▸ **TASK GOAL**
Once you reach the line that holds "maedler-232-110-52" in the listing below, output it and every line after it through the line that holds "Prada large leather", word for word.

▸ **SUPPLIED MATERIAL**
|---|

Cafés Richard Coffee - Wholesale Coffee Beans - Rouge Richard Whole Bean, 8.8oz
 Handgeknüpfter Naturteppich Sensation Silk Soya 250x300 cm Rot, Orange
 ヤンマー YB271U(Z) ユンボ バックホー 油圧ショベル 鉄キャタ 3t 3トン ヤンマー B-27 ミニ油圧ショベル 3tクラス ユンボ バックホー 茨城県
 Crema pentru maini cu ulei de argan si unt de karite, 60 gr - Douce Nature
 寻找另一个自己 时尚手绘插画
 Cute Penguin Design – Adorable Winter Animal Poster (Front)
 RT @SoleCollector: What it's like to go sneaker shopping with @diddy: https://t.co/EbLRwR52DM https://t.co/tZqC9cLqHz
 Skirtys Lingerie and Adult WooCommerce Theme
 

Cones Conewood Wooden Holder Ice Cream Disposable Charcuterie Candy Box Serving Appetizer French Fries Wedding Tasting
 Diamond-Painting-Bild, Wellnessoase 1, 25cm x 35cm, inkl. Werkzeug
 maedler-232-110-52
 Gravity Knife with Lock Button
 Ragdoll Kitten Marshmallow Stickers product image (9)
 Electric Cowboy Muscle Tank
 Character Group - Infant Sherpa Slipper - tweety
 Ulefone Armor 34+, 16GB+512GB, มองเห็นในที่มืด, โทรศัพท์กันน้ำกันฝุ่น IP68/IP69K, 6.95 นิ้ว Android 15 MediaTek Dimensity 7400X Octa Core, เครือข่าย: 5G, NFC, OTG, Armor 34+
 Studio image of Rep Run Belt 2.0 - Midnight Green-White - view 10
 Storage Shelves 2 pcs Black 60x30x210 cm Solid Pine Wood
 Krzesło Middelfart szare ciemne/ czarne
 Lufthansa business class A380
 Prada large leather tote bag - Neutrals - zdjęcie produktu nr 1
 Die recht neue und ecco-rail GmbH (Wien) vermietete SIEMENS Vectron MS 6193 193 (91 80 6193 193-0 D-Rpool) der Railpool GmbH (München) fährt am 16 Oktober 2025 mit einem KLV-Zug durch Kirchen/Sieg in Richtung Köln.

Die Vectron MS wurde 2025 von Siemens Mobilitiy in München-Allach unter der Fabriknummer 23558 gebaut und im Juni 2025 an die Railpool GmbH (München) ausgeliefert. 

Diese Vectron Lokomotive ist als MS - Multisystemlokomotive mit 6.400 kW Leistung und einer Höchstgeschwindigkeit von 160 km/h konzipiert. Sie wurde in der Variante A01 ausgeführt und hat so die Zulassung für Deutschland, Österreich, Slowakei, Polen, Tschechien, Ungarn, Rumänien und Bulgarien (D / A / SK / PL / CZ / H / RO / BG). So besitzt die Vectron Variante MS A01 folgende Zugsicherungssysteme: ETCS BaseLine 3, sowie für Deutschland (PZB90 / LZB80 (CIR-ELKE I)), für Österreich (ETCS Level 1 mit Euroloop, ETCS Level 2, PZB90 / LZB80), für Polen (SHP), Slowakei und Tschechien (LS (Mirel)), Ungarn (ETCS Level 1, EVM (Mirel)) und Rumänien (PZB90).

|---|

▸ **SOLVED PROBLEM**
 maedler-232-110-52
 Gravity Knife with Lock Button
 Ragdoll Kitten Marshmallow Stickers product image (9)
 Electric Cowboy Muscle Tank
 Character Group - Infant Sherpa Slipper - tweety
 Ulefone Armor 34+, 16GB+512GB, มองเห็นในที่มืด, โทรศัพท์กันน้ำกันฝุ่น IP68/IP69K, 6.95 นิ้ว Android 15 MediaTek Dimensity 7400X Octa Core, เครือข่าย: 5G, NFC, OTG, Armor 34+
 Studio image of Rep Run Belt 2.0 - Midnight Green-White - view 10
 Storage Shelves 2 pcs Black 60x30x210 cm Solid Pine Wood
 Krzesło Middelfart szare ciemne/ czarne
 Lufthansa business class A380
 Prada large leather tote bag - Neutrals - zdjęcie produktu nr 1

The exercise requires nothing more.